Between the eighth and second centuries BCE, potters in the kingdom of Judah (near Jerusalem) made a bunch of jars with official state seals on the handles. They needed to hold supplies, and they wanted people to know who those supplies belonged to. Simple, right?
The jars themselves are fairly non-descript but for thousands of years they've hidden important information about the Earth’s geomagnetic history.
In a study published Monday in PNAS, Israeli researchers announced __that they had turned the fragmented artifacts into an archive on Earth’s magnetic field, something __that the people making the pottery would have known nothing about.
Earth’s magnetic field—generated by movement of liquid metal at the Earth’s core—has two poles, north and south, which currently correspond with the general regions of the geographic north and south poles. But they can wander widely or even flip entirely. Like the Earth itself, it's only roughly spherical.
“In some ways it's more of a rotten apple, it sags in some areas and pooches out in others,” says Eric Blinman, the director of the New Mexico Office of Archaeological Studies.
On the ocean floor, changes in the field’s direction and intensity are recorded as molten rock erupts and cools, giving researchers a detailed long-term view of the situation. But for a more detailed look—on the scale of a few thousand years vs a few hundred thousand years—physicists have to turn elsewhere.
Enter the ancient jars.
“Human beings heat dirt regularly,” Blinman says. Blinman was not involved with the new study, but also researches the interaction between Earth’s magnetic field and archeology. He studies the geomagnetic signature left in hearths in the Southwestern United States dating back 2,000 years.
Whether its clay for pottery, or the dirt around the hearth, the basic principle is the same.
“‘Dirt’ includes minerals that have magnetic properties. When these minerals are heated, the magnetic orientation of the fields of those minerals are freed up to line up with the prevailing orientation of the earth's magnetic field,” Blinman says.
If the object in question can’t be moved—like a fire pit or hearth dug into the earth—then the archeological feature can give researchers information about what direction the Earth’s magnetic field was pointing in during the time period that that feature was last in use.

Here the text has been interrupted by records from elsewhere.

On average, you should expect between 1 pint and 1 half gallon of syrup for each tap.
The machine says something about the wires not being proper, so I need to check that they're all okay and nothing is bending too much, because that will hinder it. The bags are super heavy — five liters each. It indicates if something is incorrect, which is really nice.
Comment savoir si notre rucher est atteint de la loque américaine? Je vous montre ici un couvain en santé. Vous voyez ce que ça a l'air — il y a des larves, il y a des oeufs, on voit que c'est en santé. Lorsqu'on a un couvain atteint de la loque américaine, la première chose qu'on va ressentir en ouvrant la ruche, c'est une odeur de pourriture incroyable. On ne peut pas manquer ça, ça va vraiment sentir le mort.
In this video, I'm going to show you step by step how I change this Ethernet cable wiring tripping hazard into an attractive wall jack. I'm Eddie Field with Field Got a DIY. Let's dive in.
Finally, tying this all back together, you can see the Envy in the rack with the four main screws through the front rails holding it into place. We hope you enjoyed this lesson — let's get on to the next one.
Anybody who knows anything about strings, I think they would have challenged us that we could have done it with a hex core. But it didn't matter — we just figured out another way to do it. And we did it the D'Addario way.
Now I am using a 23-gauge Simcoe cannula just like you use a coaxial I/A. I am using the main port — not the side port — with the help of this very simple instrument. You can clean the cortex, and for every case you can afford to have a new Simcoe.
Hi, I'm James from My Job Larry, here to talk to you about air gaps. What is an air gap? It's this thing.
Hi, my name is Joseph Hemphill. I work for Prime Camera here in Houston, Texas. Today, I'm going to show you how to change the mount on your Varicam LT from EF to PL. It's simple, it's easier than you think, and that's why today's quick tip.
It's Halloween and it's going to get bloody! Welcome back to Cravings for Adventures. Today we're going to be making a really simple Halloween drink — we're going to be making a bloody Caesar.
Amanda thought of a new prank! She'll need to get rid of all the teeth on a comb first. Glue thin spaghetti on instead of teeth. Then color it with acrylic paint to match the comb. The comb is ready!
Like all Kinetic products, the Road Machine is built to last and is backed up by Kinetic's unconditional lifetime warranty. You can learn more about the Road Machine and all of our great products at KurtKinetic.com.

But if it’s a portable piece of pottery, the direction of the magnetic field it recorded when it was fired becomes useless as soon as someone picks it up and moves it. Luckily, heated dirt can also record the intensity of the magnetic field, which also varies.
In this case, lead researcher Erez Ben-Yosef and colleagues were able to show not only that the Earth’s magnetic field went through fluctuations in intensity during the six centuries that the jars were being manufactured, but that early during the 8th century, the geomagnetic field spiked dramatically—then went into a sharp decline.

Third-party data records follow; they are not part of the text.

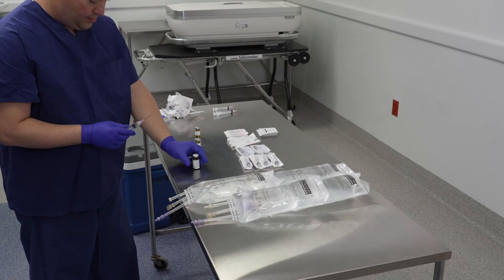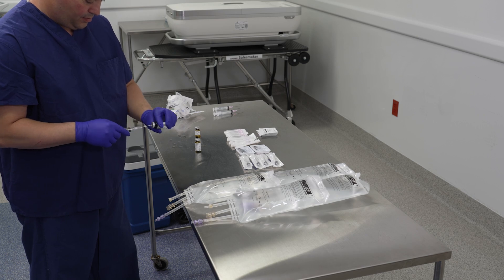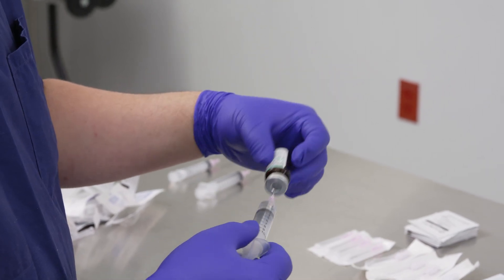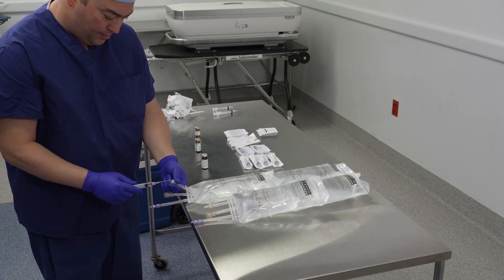Based on an example concentration of five milligrams per milliliter, use a sterile syringe to draw up two milliliters of nitroglycerin and inject it into the vasosol.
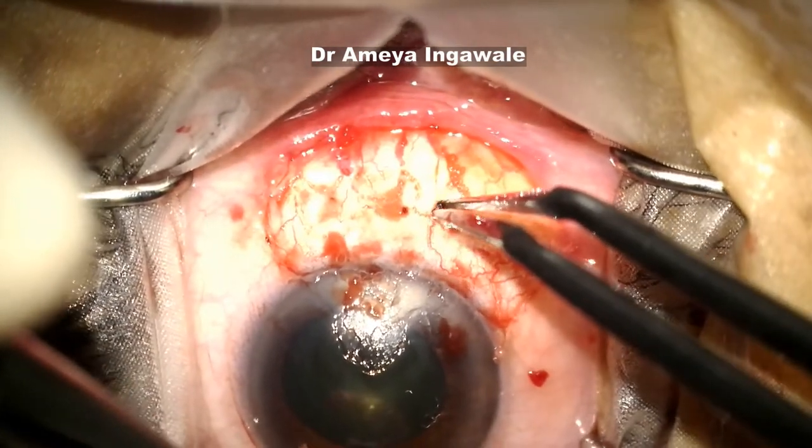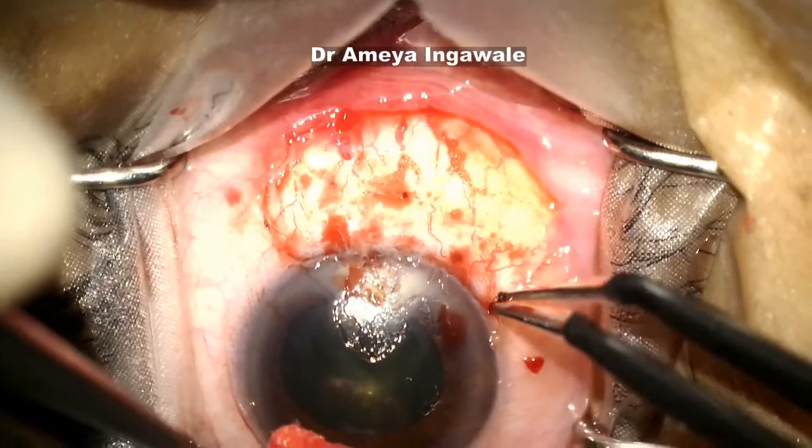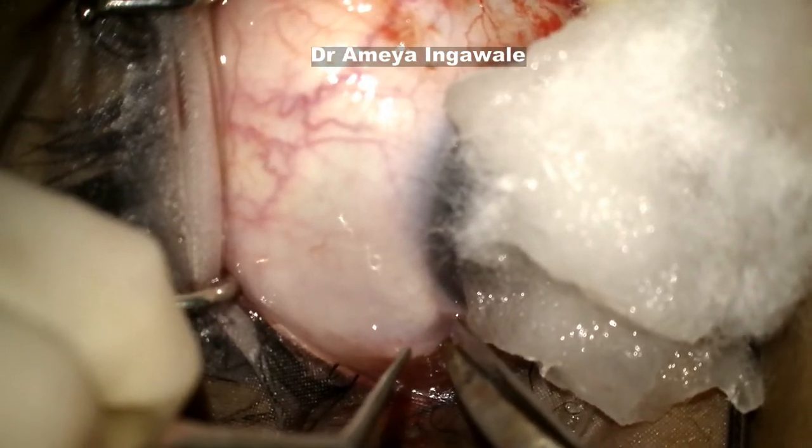You can apply some cautery. There is no need to heavily cauterize that area — just a bit of cautery to prevent a large hematoma forming under your graft later on. That's about enough.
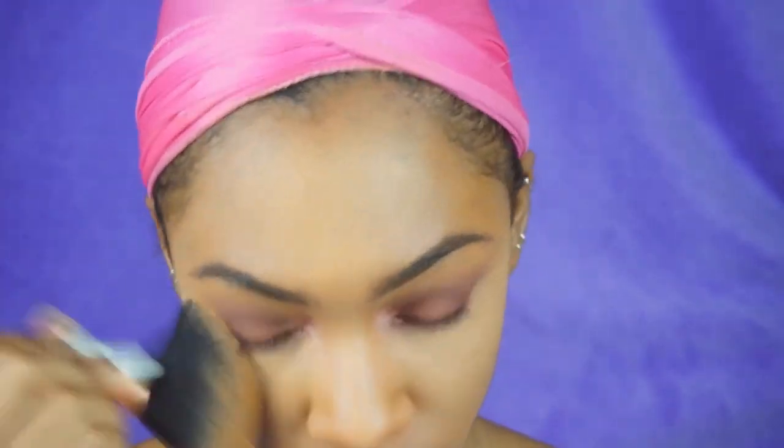Now I'm taking my Studio Fix Powder and setting my whole entire face with that. It gives a nice, even, airbrushed, smooth look.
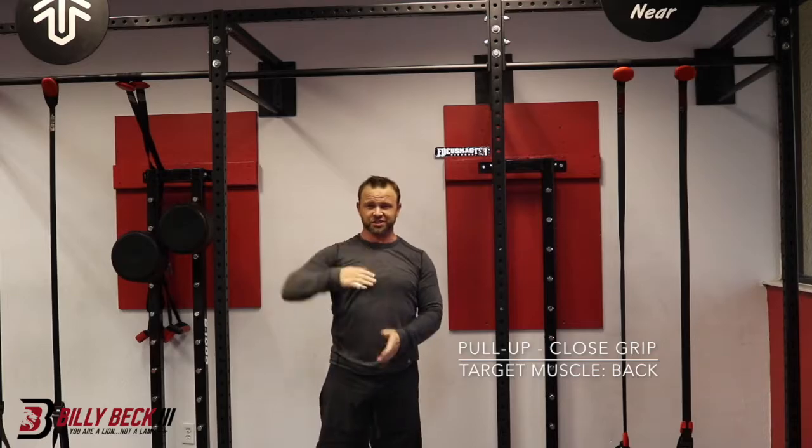If you're kicking your legs and stuff, it's not a pull-up, it's a kip-up. So pull-ups — nice and strict. Remember that.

If they were to happen today, the changes might be noticed by our power-grid-hungry societies. But back then, when there were no satellites or electronics to go wonky, the spike in magnetic activity would likely have passed unnoticed.
Potters certainly would have had no idea that the seals bearing the marks of their ruling government would later help geophysicists precisely track changes to the magnetic field around the entire planet. Because the seals correspond to meticulously documented historical records, researchers like Ben-Yosef can use them to accurately date the readings they get from the artifacts.

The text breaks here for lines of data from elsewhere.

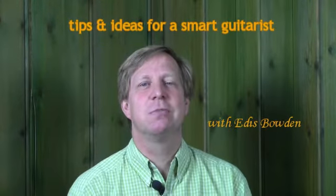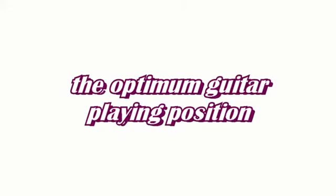Hi and welcome back to the Acoustic Music Workshop. My name is Edith and in this short video I'm going to show you about the optimum guitar playing position. I'll talk about how to achieve it, why it's important, and a few things that could go wrong along the way.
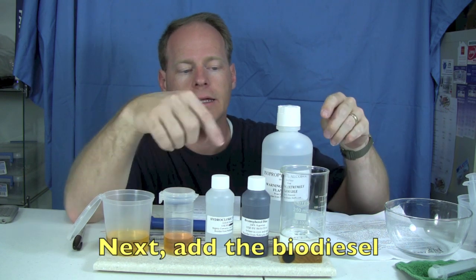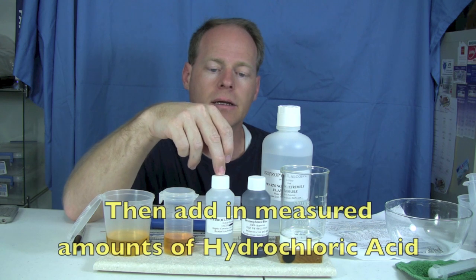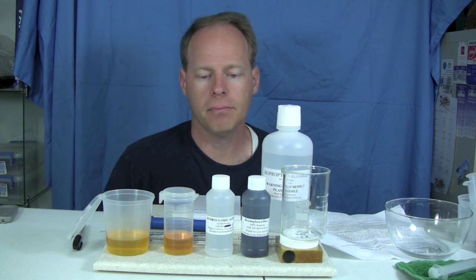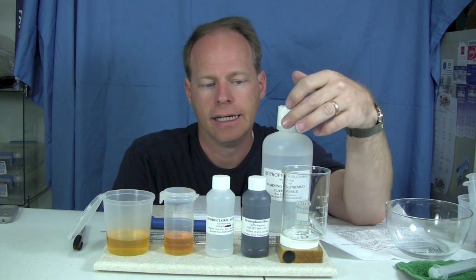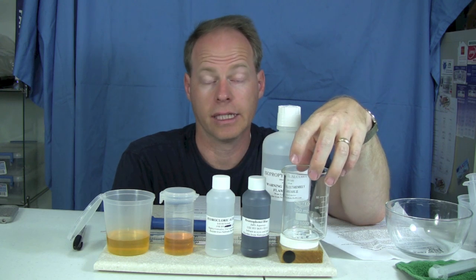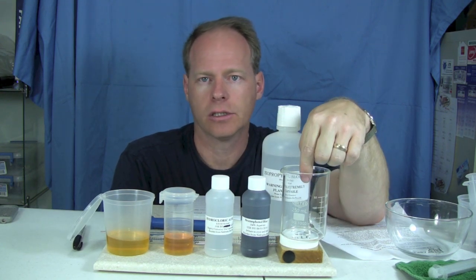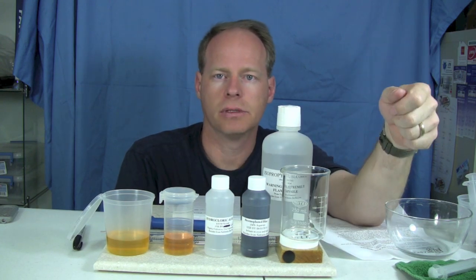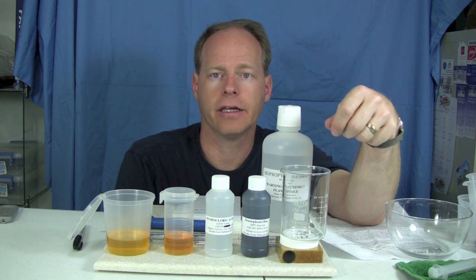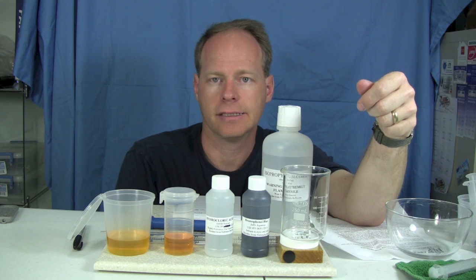Once we put our isopropyl alcohol in here we're going to blue it using bromophenol blue to get it a nice blue color. Then we're going to add in our biodiesel. Once that's mixed up and going well, we'll start measuring in measured amounts of hydrochloric acid. The theory is that soap is basic in nature, so we're trying to neutralize it with an acid. We identify how much acid it takes to neutralize the soap and that tells us how much soap is in the biodiesel, confirming if levels are acceptable for a diesel engine.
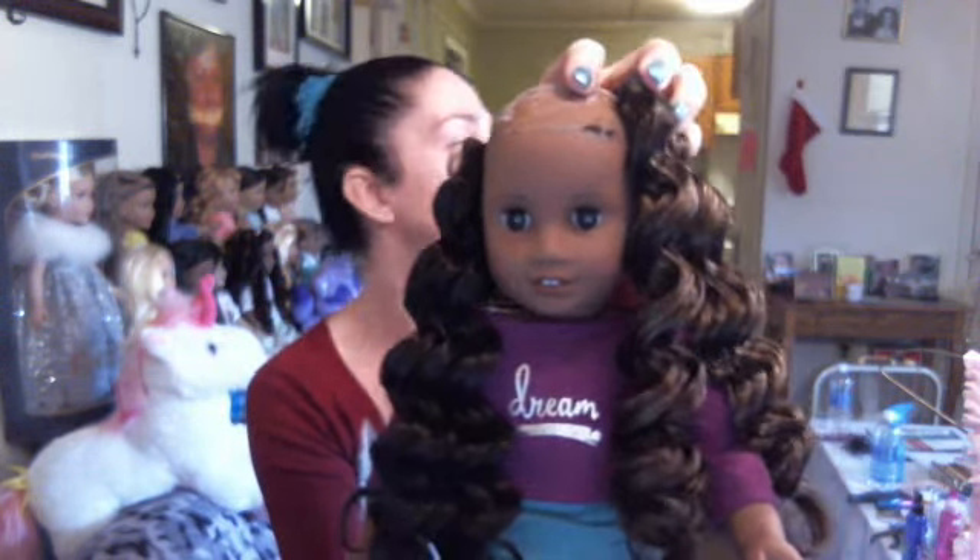As you can tell I live in the city, so that's why you hear alarms. I'm staying at my mom's — she lives in the city. Okay, moving on — Gabriella's hair.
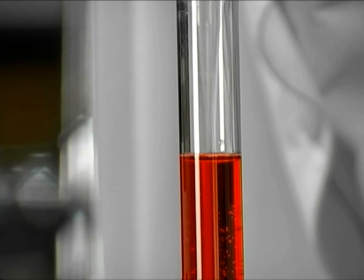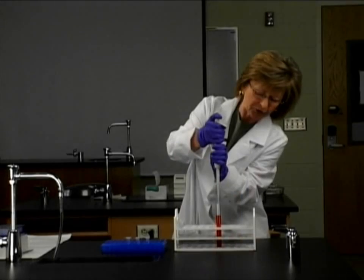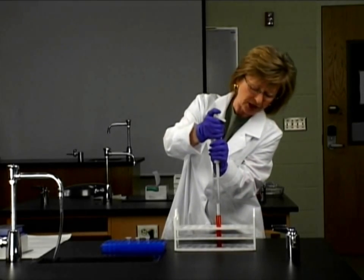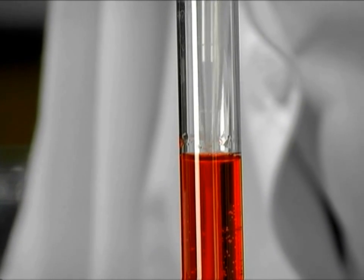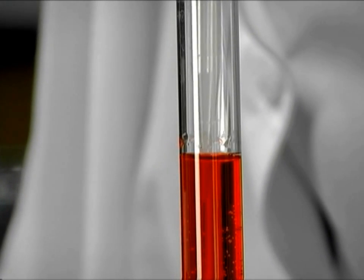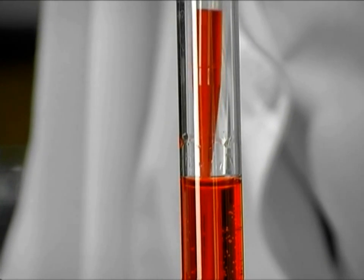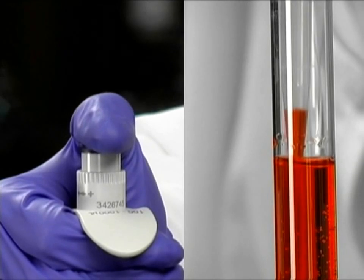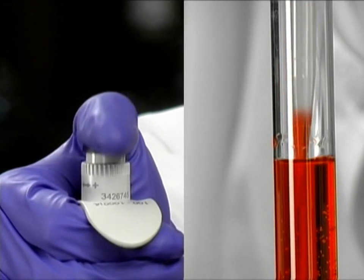If we don't expel the air first, we're going to get a whole bunch of bubbling, which will really interfere with our ability to make a precise measurement. So we're going to expel the air first, push down to the first stop, go down just below the meniscus into the center. We're going to pre-wet the tip slowly a few times, up and down, so that our measurement is going to be accurate.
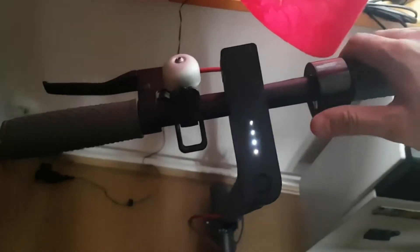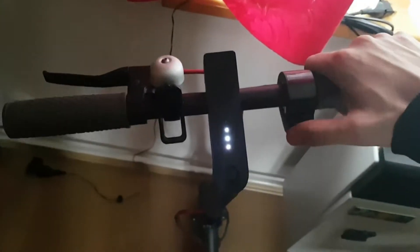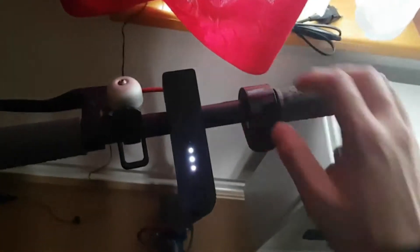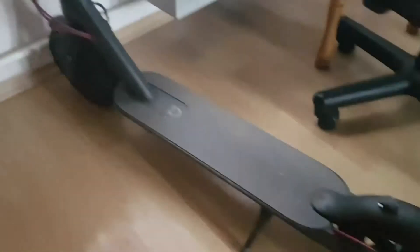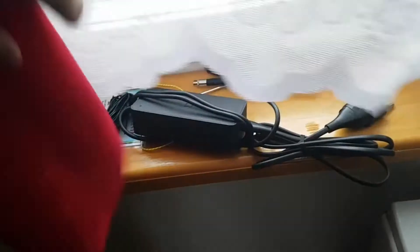This is my Xiaomi M365 — it's really great. As you can see, it will not start on its own; you have to push off the ground, and then everything's fine. It has a light and also a backlight, which is really nice.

“For the geophysicists, it's like someone opened up a locked door to a library that they didn’t know existed,” Blinman says.
More and more often, artifacts are providing information not just about human history, but also about the history of the Earth.
“I would only expect this sort of contribution to become increasingly common,” Blinman says.
Blinman hopes that as collaborations between geologists and archeologists become more common, researchers might be able to build up a global analysis of archaeomagnetic data within the next couple of generations. When we can combine intensity data based on pottery with the kind of hearth data Blinman collects, he says, we'll have a truly multidimensional view of the 3D magnetic field that surrounds our world.